Calling for the expansion of the role of the Housing Finance Agency, Mr O’Brien says:
“The significant positive is that government debt is only 25 per cent of GDP. Therefore, the State has a huge capacity to play a most important role. I would advocate expanding the role of the Housing Finance Agency (HFA) and this could be overseen by the National Treasury Management Agency (NTMA). The HFA could be expanded and its criteria for funding home ownership dramatically changed. Effectively, right now, a bank looking to make a mortgage would want a margin of up to 250 basis points over Euribor (three months/4.9 per cent) to make a home loan. [Euribor, the Euro Interbank Offered Rate, is the rate at which euro interbank term deposits within the euro zone are offered by one prime bank to another prime.]
The HFA can raise money at a tenth of this margin. By reducing the cost of mortgages, then a lot of unsold housing stock becomes a lot more affordable to first-time buyers.

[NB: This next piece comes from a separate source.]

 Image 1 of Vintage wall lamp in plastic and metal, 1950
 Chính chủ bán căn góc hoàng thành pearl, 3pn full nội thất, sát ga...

By reducing the cost of mortgages to circa 5 per cent to first-time buyers, this would, in turn, provide liquidity for developers and things would begin to move again, (albeit more slowly). It would also have a big impact on trade-up homes. It must be realised that the housing market is one market and that trading up and down are as important to the liquidity of the sector as the first-time buyer.
The crunch now is that with loan-to-value ratios retreating to 70 per cent, stamp duty will have to be overhauled as buyers have to fund more equity.”
An interesting suggestion from a man who would be perceived by many as an advocate of small government and free market economics. The rest of his piece is well worth a read.